======== SOURCE DATA ========

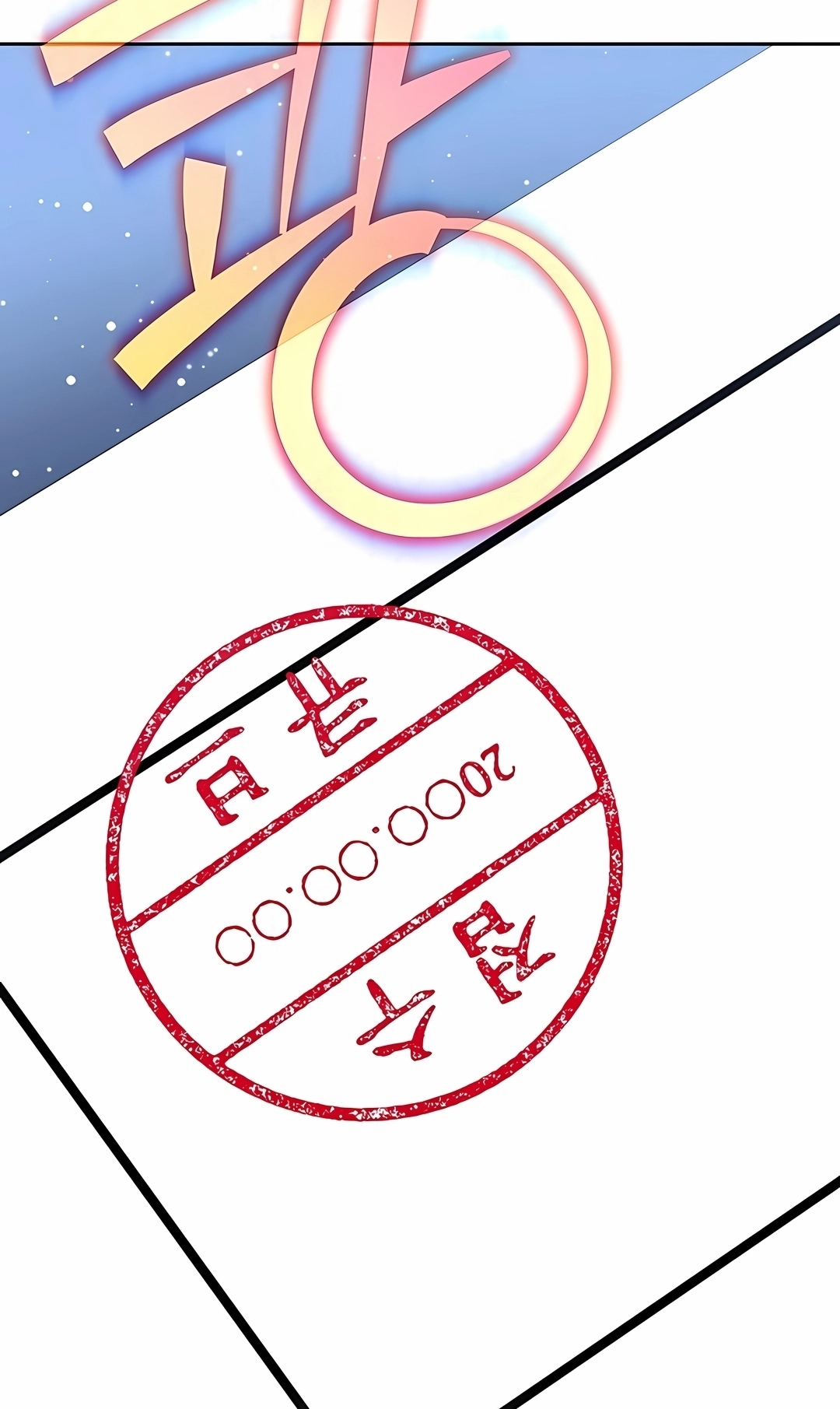 Read The Novel’s Extra PT Manga Online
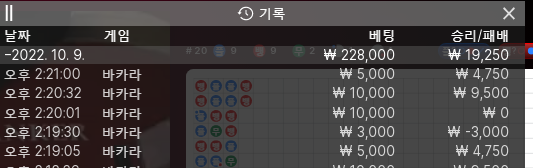 핑카 후기(0)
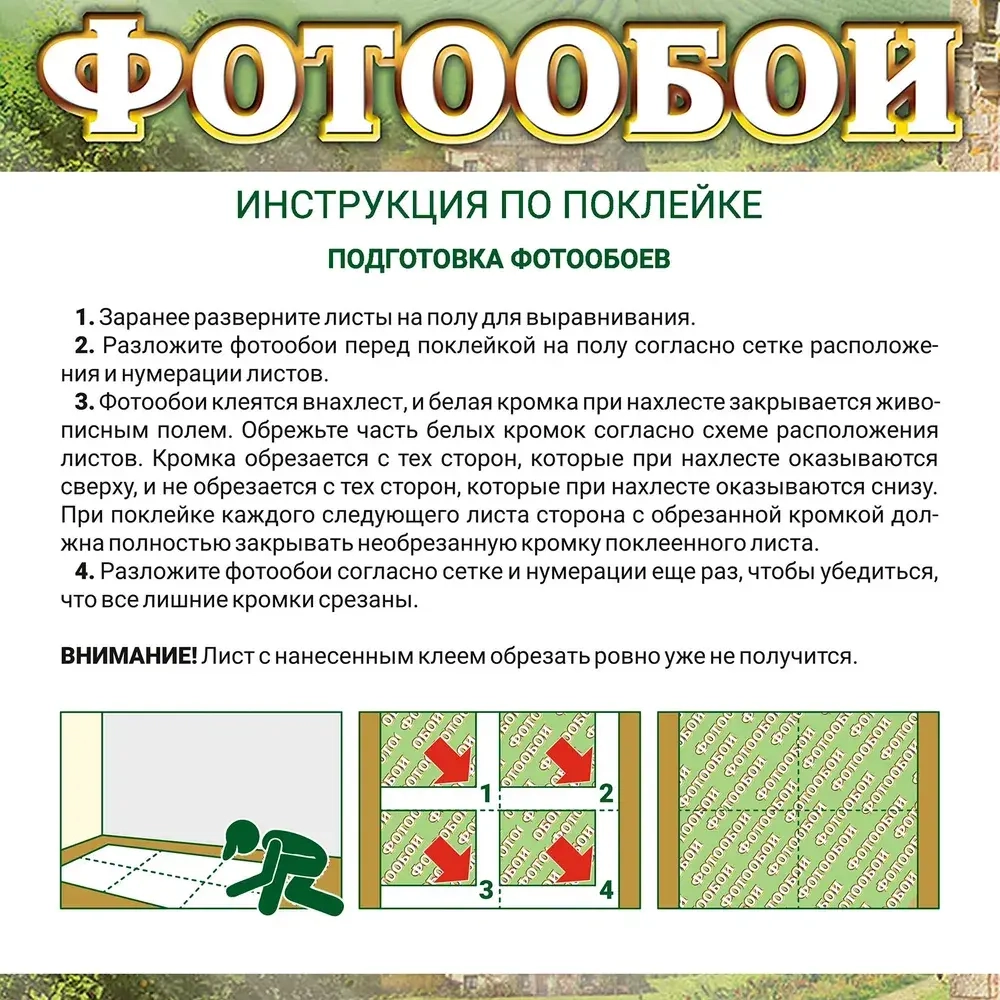 Фотообои Vostorg № 139 Мир прекрасного 196х201см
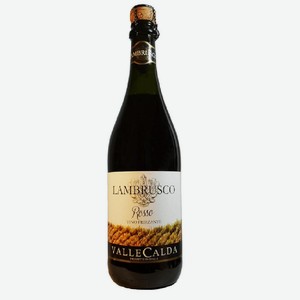 Вино игристое жемчужное Ламбруско Эмилия Валле Кальда красное полусладкое 0,75л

========

(WHAT IS REQUIRED) For this exercise, repeat word for word only the lines from the one containing "Фотообои Vostorg №" through the end of the data, including both. Pictures do not go in the copy.

(ANSWER FOR THE TASK)
 Фотообои Vostorg № 139 Мир прекрасного 196х201см
 Вино игристое жемчужное Ламбруско Эмилия Валле Кальда красное полусладкое 0,75л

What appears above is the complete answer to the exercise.